Mark Twain’s “Life On the Mississippi” (book excerpt)

Sometimes a little Samuel L. Clemens (aka, Mark Twain) is in order…

How solemn and beautiful is the thought that the earliest pioneer of civilization, the van-leader of civilization, is never the steamboat, never the railroad, never the newspaper, never the Sabbath-school, never the missionary — but always whiskey! Such is the case. Look history over; you will see. The missionary comes after the whiskey — I mean he arrives after the whiskey has arrived; next comes the poor immigrant, with ax and hoe and rifle; next, the trader; next, the miscellaneous rush; next, the gambler, the desperado, the highwayman, and all their kindred in sin of both sexes; and next, the smart chap who has bought up an old grant that covers all the land; this brings the lawyer tribe; the vigilance committee brings the undertaker.

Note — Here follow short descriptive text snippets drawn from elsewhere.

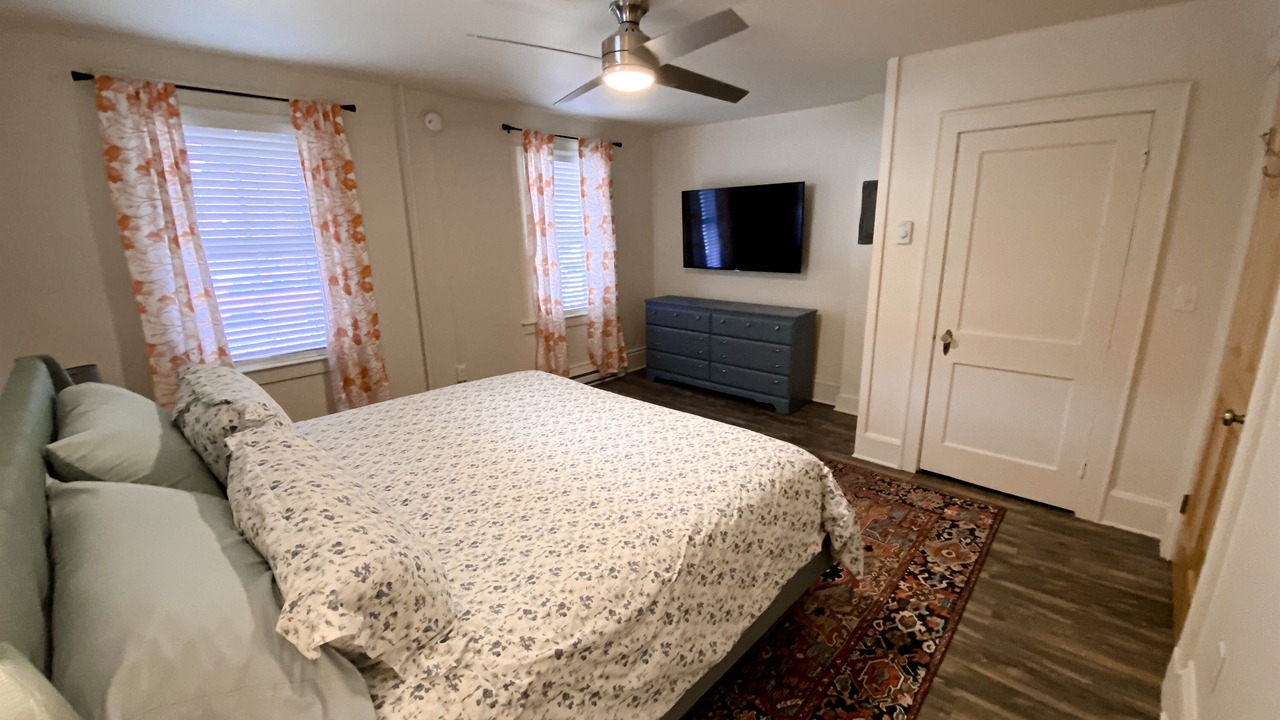 Photo of Bedroom in Old North End
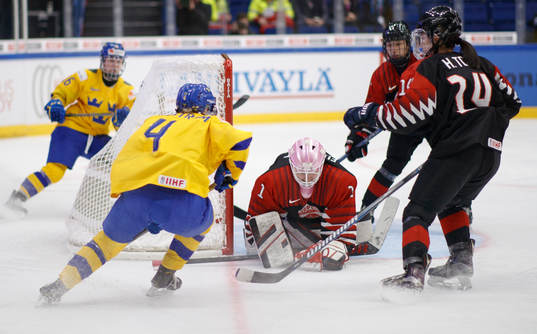 Sofia Engström #4, SWE, Nana Fujimoto #1, JPN and  Haruka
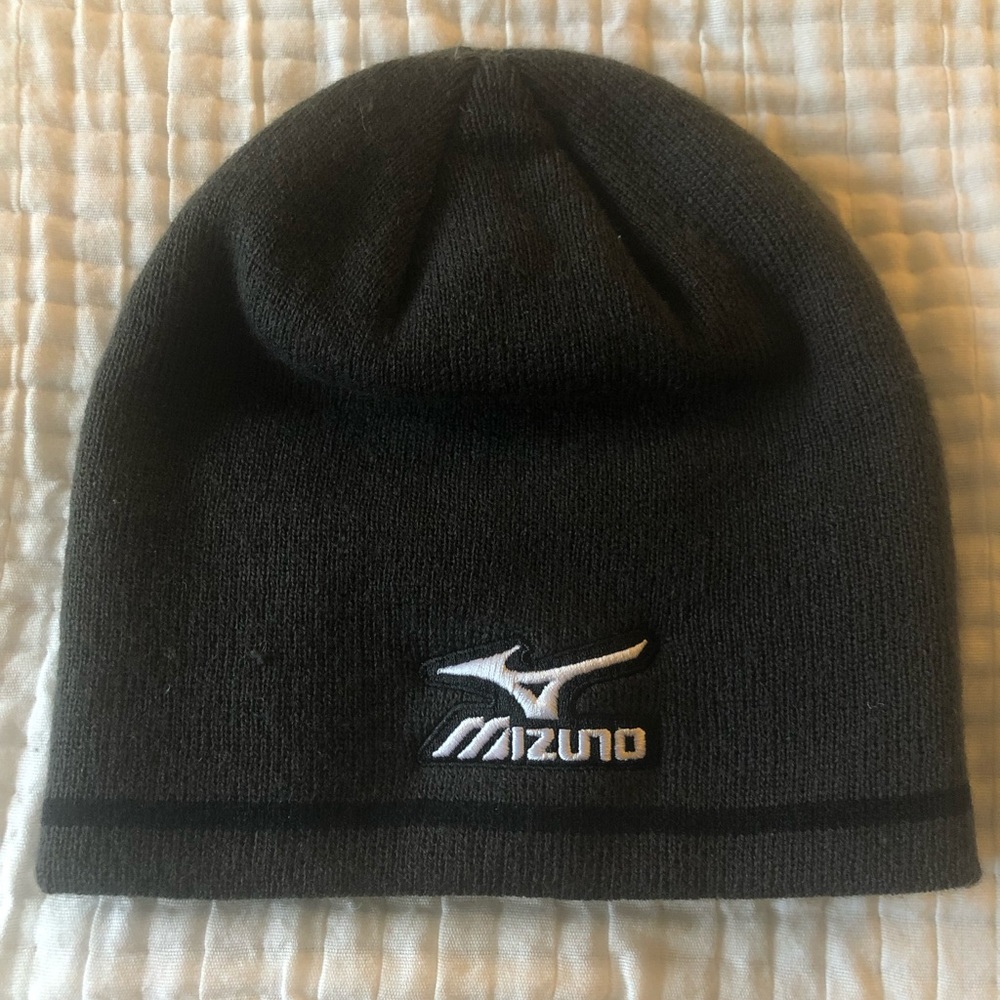 Grey Mizuno Beanie Hat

All these interests bring the newspaper; the newspaper starts up politics and a railroad; all hands turn to and build a church and a jail — and behold! civilization is established forever in the land. But whiskey, you see, was the van-leader in this beneficent work. It always is. It was like a foreigner — and excusable in a foreigner — to be ignorant of this great truth, and wander off into astronomy to borrow a symbol. But if he had been conversant with the facts, he would have said: Westward the Jug of Empire takes its way.